:: What is required ::
An exact copy of the data is required; the images should not appear in it.

:: Provided data ::
☆ ☆ ☆ ☆
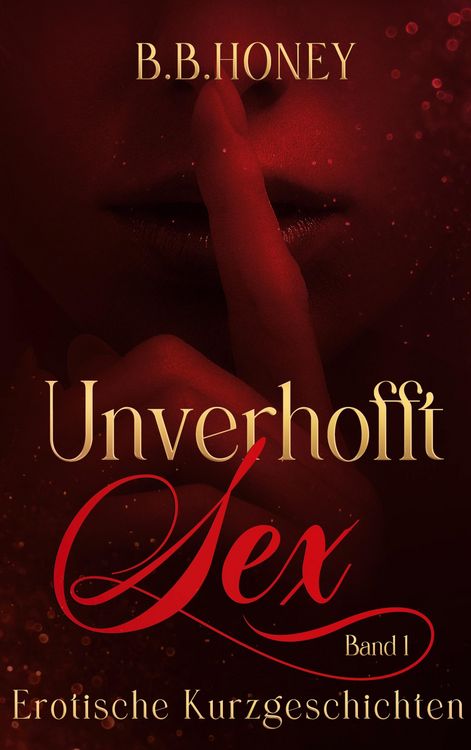 Produktbild: Unverhofft Sex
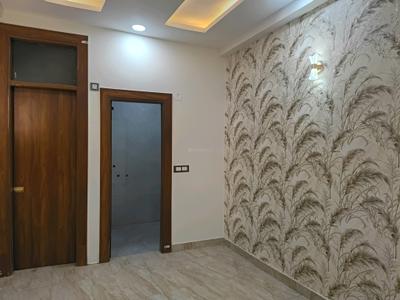 Bedroom Image of 1400 Sq.ft 3 BHK Builder Floor for sale in Vasundhara Ghaziabad for Rs. 8000000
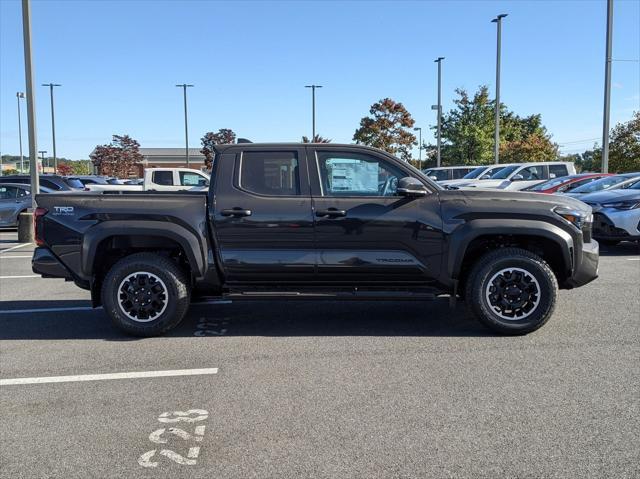 new 2024 Toyota Tacoma car, priced at $52,060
☆ ☆ ☆ ☆
:: Exercise solution ::
 Produktbild: Unverhofft Sex
 Bedroom Image of 1400 Sq.ft 3 BHK Builder Floor for sale in Vasundhara Ghaziabad for Rs. 8000000
 new 2024 Toyota Tacoma car, priced at $52,060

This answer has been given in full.